→ **GIVEN INFORMATION**:
○ ○ ○ ○ ○ ○ ○

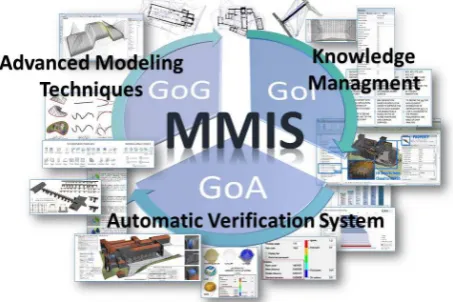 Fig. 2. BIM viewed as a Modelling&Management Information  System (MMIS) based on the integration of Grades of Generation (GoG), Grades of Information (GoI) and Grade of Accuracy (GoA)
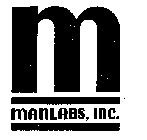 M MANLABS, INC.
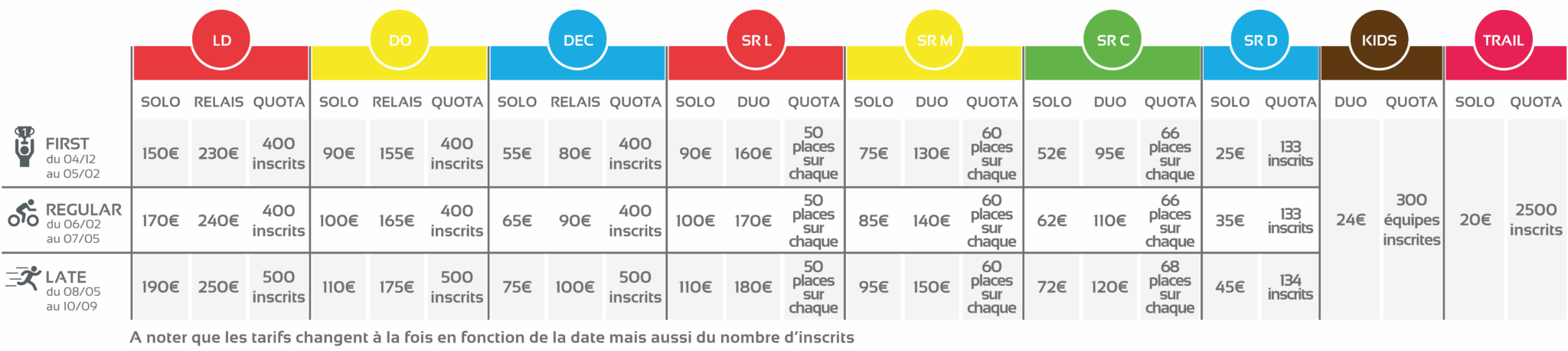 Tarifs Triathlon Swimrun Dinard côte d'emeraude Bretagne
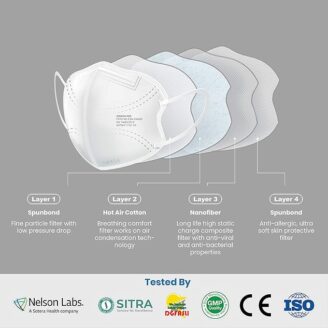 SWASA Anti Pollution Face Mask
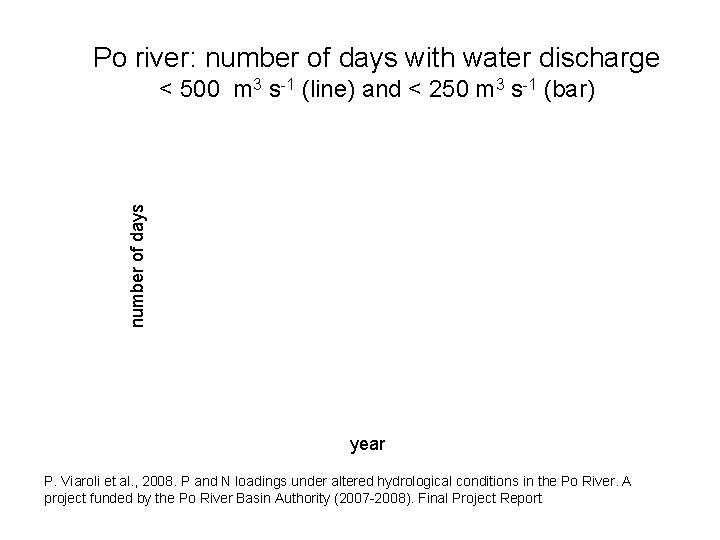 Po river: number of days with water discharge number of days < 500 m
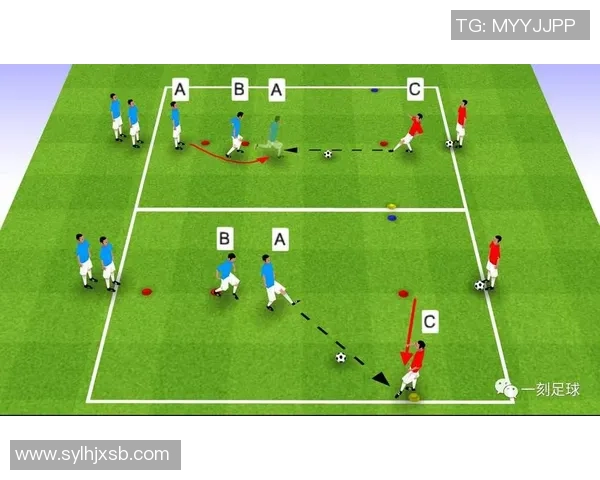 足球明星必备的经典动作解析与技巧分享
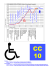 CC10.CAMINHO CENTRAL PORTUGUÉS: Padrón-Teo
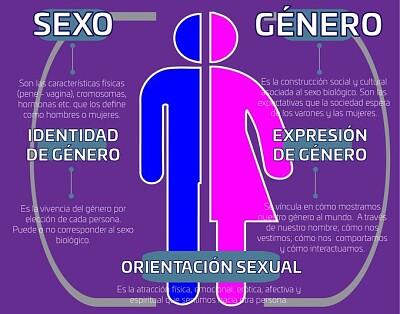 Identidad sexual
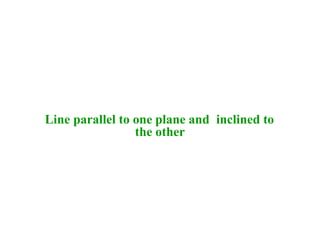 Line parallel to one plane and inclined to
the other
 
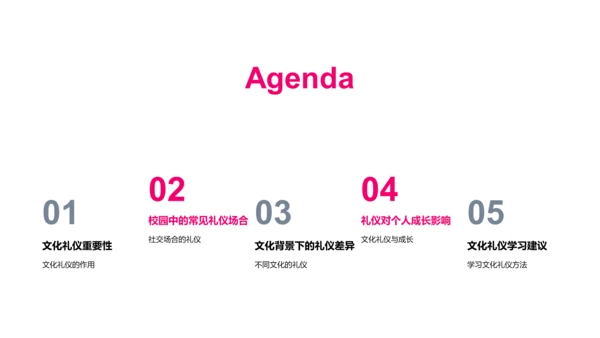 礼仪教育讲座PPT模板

○ ○ ○ ○ ○ ○ ○

Omit the images; transcribe the listing verbatim.

 Fig. 2. BIM viewed as a Modelling&Management Information  System (MMIS) based on the integration of Grades of Generation (GoG), Grades of Information (GoI) and Grade of Accuracy (GoA)
 M MANLABS, INC.
 Tarifs Triathlon Swimrun Dinard côte d'emeraude Bretagne
 SWASA Anti Pollution Face Mask
 Po river: number of days with water discharge number of days < 500 m
 足球明星必备的经典动作解析与技巧分享
 CC10.CAMINHO CENTRAL PORTUGUÉS: Padrón-Teo
 Identidad sexual
 Line parallel to one plane and inclined to
the other
 
 礼仪教育讲座PPT模板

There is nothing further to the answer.